Pouco depois, Benjamin, foi ao quarto. Bejo contou ao irmão mais velho que havia sido convocado para depor imediatamente. E os militares não aceitavam a licença do presidente. Exigiam o afastamento definitivo. Caso contrário, ele seria tirado do poder à força, como em 1954. A resposta de Vargas veio com o tiro e a carta-testamento. “O tiro no peito foi fundamental na psicologia das massas”, ressalta Antônio Barbosa.
O historiador diz que Getúlio Vargas já sabia que não tinha como continuar no poder, mas queria deixar uma mensagem. Por isso seu suicídio é visto como um ato político, enfatizado na carta que deixou. “E funcionou. Até então nunca havia sido visto no Brasil manifestação popular tão grande quanto a daquela massa que foi às ruas logo em seguida, inclusive com reação contra os detratores de Vargas”, pondera Barbosa.
Na carta-testamento, Vargas se apresentava como vítima de uma conspiração das elites e de interesses estrangeiros, o que provocou uma comoção nacional e o transformou em um mártir para muitos brasileiros. Com seu gesto, radicalizou ainda mais o debate ideológico que tomava conta do Brasil e resultaria no golpe militar de 1964, que derrubou João Goulart, sob o fantasma do comunismo.

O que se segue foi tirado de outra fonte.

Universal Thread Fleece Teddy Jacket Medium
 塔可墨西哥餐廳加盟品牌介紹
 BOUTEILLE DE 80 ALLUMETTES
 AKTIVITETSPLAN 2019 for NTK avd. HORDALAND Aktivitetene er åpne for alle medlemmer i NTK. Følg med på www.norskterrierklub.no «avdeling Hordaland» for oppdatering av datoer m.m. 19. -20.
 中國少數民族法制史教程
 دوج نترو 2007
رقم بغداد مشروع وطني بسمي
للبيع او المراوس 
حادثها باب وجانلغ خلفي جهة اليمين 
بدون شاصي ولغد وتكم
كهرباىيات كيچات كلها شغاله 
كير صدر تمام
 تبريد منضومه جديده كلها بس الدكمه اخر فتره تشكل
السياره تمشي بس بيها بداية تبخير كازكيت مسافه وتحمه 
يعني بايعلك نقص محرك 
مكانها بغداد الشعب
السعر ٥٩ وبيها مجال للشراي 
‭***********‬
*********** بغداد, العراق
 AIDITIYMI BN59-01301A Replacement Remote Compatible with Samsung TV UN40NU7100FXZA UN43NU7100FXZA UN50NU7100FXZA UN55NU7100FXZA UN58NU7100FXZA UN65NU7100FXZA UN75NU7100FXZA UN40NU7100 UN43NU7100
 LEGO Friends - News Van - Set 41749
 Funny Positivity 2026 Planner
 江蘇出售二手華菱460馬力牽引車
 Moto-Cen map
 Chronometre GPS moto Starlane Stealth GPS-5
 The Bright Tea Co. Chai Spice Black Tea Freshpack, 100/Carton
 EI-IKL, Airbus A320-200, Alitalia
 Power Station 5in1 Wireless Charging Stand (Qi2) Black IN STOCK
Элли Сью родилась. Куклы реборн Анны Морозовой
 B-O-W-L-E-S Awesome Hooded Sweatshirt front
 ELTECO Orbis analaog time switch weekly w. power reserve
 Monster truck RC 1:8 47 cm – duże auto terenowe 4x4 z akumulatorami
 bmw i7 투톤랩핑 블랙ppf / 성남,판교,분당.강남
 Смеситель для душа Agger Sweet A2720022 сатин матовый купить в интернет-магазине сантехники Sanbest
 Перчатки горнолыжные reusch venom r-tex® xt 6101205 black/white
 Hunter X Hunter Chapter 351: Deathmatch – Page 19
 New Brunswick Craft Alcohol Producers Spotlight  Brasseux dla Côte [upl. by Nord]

Jango, assim como Vargas, era gaúcho. Mas, em vez deste, preferiu deixar o país. Morreu no exílio.
O IPM da Marinha, finalizado em setembro de 1954, concluiu que Gregório Fortunato foi o mandante do atentado que tinha Lacerda como alvo. O pistoleiro Alcino João do Nascimento chegou atirando, sem nada dizer. O jornalista foi ferido no pé, mas fugiu para a garagem de casa com o filho Sérgio. Já o major-aviador Rubens Vaz partiu, desarmado, em direção ao pistoleiro.
Quando deu uma chave-de-braço no atirador, Vaz levou o primeiro tiro. Ao cair, tomou o segundo. O assassino foi identificado depois como Alcino do Nascimento. Não havia mais nenhum homem na cena do crime. Não era para Vaz estar na função da guarda de Lacerda na noite daquela quinta-feira. Ele substituiu outro oficial, Gustavo Borges, que lhe pedira para trocar o turno.
A versão oficial foi confirmada por júri popular em 1956. Mas foi [e ainda é] contestada por pesquisadores ao longo dos anos, que apontaram falhas no inquérito. Alguns sustentam que havia partido de Lutero Vargas, o filho de Getúlio, uma ordem para um “susto”, mandar um “aviso” Lacerda. Nunca tentar matá-lo. Nunca foi feita reconstituição do crime ou acareação entre Lacerda e Alcino.